Analysis: Gilbane’s Motion for Summary Judgment against
WPCA
Count Eight of WPCA’s Third Amended Complaint alleges breach of
contract against Gilbane; Gilbane seeks summary judgment on that count. [Dkt.
119.] Count Eight alleges that the Construction Management Contract between
Gilbane and WPCA created a fiduciary relationship between the parties, and
asserts Gilbane breached that fiduciary duty by allowing Flowserve to negotiate
beneficial warranty and limitation of liability terms. [Dkt. 72 (Third Amended
Complaint).]
“Under Connecticut law, the elements of a breach of contract action are: (a)

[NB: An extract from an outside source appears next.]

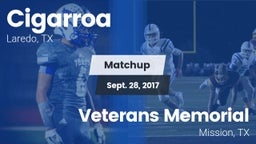 Matchup: Cigarroa  vs. Veterans Memorial  2017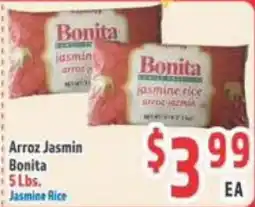 La Bonita Supermarkets Bonita jasmine rice offer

the formation of an agreement, (b) performance by one party, (c) breach of the
agreement by one party, and (d) damages.” SV Special Situations Master Fund
Ltd. v. Knight Libertas, LLC, No. 3:08-CV-1769 SRU, 2011 WL 2680832, at *10 (D.
70
Conn. July 8, 2011) (citing Steward Mach. Co., v. White Oak Corp., 462 F.Supp.2d
251, 265 (D. Conn. 2006)). The party alleging the breach must also establish that
the breach caused its damages. Collins v. Anthem Health Plans, Inc., 275 Conn.
309, 333 (2005).
Any contract “must be construed to effectuate the intent of the parties,
which is determined from the language used and interpreted in the light of the
situation of the parties and the circumstances connected with the transaction.”

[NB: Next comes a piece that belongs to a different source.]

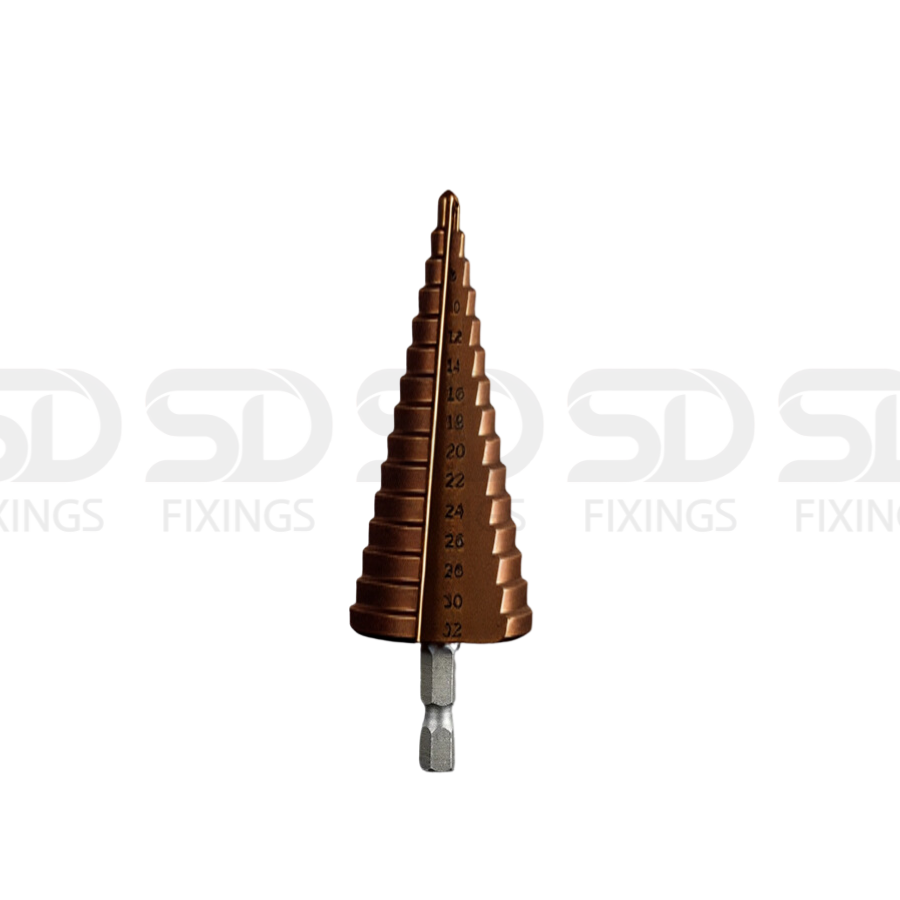 SET OF 3PCS Cobalt Step Drill Bit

Murtha v. City of Hartford, 303 Conn. 1, 7–8 (2011) (quoting Remillard v. Remillard,
297 Conn. 345, 355 (2010)); Harbour Pointe, LLC v. Harbour Landing
Condominium Ass’n, Inc., 300 Conn. 254, 260 (2011) (“In ascertaining the
contractual rights and obligations of the parties, we seek to effectuate their
intent, which is derived from the language employed in the contract, taking into
consideration the circumstances of the parties and the transaction.”). Where the
language of a contract is unambiguous, a court “must give the contract effect
according to its terms.” Harbour Pointe, 300 Conn. at 260 (quoting Cantonbury
Heights Condominium Ass’n Inc. v. Local Land Dev., LLC, 273 Conn. 724, 734–35
(2005)).
Here, the contract term allegedly breached created a fiduciary duty
between Gilbane and WPCA. “The essential elements [of] a cause of action for
breach of fiduciary duty under Connecticut law are: 1. That a fiduciary
relationship existed which gave rise to (a) a duty of loyalty on the part of the
defendant to the plaintiff, (b) an obligation on the part of the defendant to act in
the best interests of the plaintiff, and (c) an obligation on the part of the
71
defendant to act in good faith in any matter relating to the plaintiff; 2. That the
defendant advanced his or her own interests to the detriment of the plaintiff; 3.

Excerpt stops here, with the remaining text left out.